When the time is right to bring a new furry, scaled or feathered family member home, one of the first questions that arises is, “Where should I adopt from?” It won’t take long for most people to become embroiled in a conversation about no-kill versus kill animal shelters. These terms are alarming, and quickly paint a picture that suggests one is better than another.
Historically, animal shelters have had the reputation of being quick to euthanize animals and, in some cases, doing so simply because of a lack of space or funding. The reality is that this practice has changed significantly over the years as animals have become an important part of people’s family life, which has also encouraged animal advocacy that has brought about positive changes in how animals in sheltering facilities are dealt with. Unfortunately, the no-kill versus kill terminology is still quite active in today’s discussions about animal adoption, although it does not reflect the work being done in each facility to provide care to animals.
Don’t let the term mislead you. No-kill shelters may not euthanize animals, but this may be because they have a limited intake policy. This means that they may be selective in what animals they take into their care due to a lack of space available in the shelter or the funding needed to care for the animals. This may mean that the shelter will exclude taking in animals who are sick or injured, or those that have behavioural problems that will require investment in medical or behaviour treatment, or whom may have little chance of finding adoptable homes. In these cases, the most humane treatment for these animals may be euthanasia. By limiting intake to only healthy and adoptable animals, that don’t require euthanasia, they meet the no-kill criteria.

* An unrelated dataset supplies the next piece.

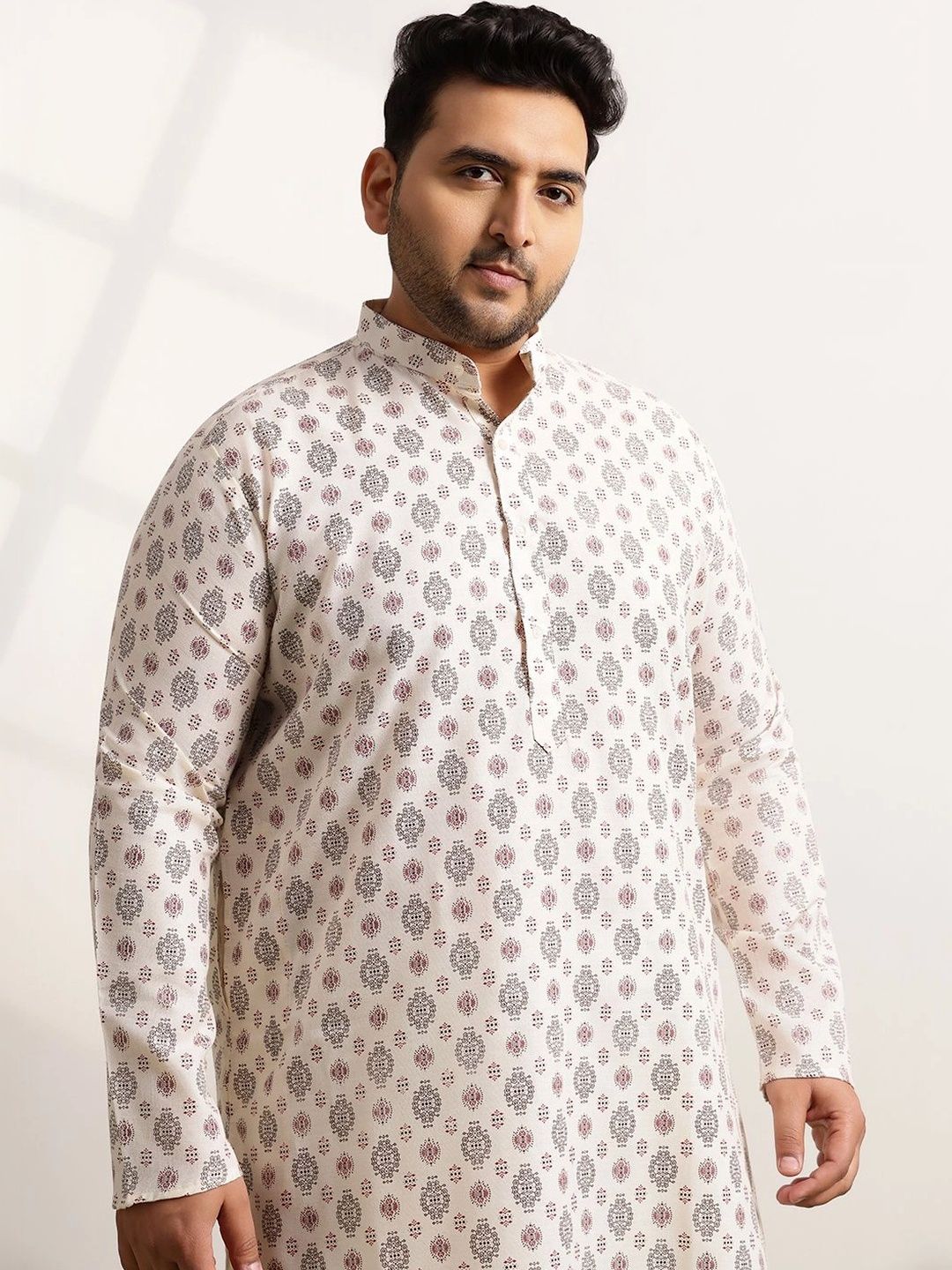 SOJANYA PLUS Men Printed Regular Pure Cotton Kurta with Pyjamas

Realistically, if an animal is suffering and in the care of a no-kill shelter, it would be inhumane not to provide euthanasia. This is why a small percentage of euthanasia does still occur in no-kill shelters. With confusion surrounding the term, a more suitable term that is now being recognized is Limited Admission Shelter.
Despite the mental images the term may conjure, these shelters are also run by people who are just as passionate about animal welfare as their counterparts in nokill facilities. They are, however, saddled with a different burden.
Kill shelters are often those who accept all animals. Commonly, these are your municipal animal control service shelters who have a responsibility to their community to provide safe places for animals and people. Kill shelters often deal with both wild and domestic animals who are sick or injured (or have behavioural issues), and are not able to turn animals away.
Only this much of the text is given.